Top of EXCERPTED RECORDS
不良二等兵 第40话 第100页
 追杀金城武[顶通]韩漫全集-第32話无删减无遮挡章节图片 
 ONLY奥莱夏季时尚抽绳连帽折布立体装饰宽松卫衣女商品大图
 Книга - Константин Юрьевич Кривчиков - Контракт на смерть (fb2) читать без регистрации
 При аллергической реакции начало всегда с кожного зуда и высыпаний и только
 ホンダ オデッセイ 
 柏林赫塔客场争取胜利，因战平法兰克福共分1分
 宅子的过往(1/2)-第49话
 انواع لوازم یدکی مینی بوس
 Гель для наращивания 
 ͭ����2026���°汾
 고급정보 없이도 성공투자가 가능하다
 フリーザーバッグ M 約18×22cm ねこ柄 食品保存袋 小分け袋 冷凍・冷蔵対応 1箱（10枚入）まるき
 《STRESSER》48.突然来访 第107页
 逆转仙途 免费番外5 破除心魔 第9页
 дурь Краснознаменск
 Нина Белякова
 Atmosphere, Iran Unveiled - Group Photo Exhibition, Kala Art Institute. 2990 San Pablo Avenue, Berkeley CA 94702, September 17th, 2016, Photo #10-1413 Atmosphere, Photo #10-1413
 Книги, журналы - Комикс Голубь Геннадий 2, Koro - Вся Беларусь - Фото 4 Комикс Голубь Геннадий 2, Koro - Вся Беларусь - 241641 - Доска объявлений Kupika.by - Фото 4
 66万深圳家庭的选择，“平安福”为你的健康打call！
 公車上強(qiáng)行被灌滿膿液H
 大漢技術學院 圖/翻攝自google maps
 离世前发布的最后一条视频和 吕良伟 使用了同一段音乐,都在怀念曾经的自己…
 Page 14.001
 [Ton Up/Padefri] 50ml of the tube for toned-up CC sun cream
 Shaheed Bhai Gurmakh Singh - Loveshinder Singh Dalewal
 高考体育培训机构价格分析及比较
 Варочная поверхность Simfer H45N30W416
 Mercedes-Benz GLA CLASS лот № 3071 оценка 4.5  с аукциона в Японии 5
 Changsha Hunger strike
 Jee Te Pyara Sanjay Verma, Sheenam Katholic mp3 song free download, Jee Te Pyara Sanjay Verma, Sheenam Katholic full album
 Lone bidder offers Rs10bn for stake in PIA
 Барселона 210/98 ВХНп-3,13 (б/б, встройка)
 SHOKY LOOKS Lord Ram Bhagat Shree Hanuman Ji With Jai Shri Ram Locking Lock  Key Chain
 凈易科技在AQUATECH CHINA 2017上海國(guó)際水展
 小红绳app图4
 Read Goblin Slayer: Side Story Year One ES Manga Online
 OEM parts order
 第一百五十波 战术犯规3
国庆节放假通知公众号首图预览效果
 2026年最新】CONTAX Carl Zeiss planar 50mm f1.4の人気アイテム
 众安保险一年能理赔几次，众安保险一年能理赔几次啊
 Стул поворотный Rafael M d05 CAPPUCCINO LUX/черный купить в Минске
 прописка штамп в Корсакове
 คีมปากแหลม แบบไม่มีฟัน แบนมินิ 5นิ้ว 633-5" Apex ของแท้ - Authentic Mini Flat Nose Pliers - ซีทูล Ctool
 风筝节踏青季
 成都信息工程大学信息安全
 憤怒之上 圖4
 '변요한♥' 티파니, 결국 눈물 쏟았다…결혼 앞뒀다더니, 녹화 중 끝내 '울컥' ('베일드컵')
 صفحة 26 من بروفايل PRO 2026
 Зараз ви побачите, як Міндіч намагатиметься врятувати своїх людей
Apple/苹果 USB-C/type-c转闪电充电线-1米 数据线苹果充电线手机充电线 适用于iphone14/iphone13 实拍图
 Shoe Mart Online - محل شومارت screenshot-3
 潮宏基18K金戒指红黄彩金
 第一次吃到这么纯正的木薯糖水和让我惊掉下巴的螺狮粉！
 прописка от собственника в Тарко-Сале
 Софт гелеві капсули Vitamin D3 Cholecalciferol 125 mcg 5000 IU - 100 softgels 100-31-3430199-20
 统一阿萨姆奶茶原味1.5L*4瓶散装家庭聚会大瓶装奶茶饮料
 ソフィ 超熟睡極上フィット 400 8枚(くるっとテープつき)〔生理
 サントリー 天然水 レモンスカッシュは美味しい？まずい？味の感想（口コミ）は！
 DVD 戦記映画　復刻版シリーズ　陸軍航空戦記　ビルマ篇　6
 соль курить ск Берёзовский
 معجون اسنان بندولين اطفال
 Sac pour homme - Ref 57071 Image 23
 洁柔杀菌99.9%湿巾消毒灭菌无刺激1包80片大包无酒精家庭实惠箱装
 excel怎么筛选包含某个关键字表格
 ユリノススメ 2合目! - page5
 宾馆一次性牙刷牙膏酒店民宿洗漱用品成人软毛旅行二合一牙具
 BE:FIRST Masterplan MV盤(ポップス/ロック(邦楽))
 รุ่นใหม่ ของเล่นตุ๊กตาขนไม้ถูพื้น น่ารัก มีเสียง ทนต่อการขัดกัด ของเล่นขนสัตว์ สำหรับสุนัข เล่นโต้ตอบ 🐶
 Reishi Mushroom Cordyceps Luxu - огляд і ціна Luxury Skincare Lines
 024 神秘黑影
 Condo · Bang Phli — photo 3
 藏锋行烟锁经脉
Bottom of EXCERPTED RECORDS
» **YOUR OBJECTIVE**:
List each line of the entries that holds the string "Online".

» **RESULT FOR THIS TASK**:
 Read Goblin Slayer: Side Story Year One ES Manga Online
 Shoe Mart Online - محل شومارت screenshot-3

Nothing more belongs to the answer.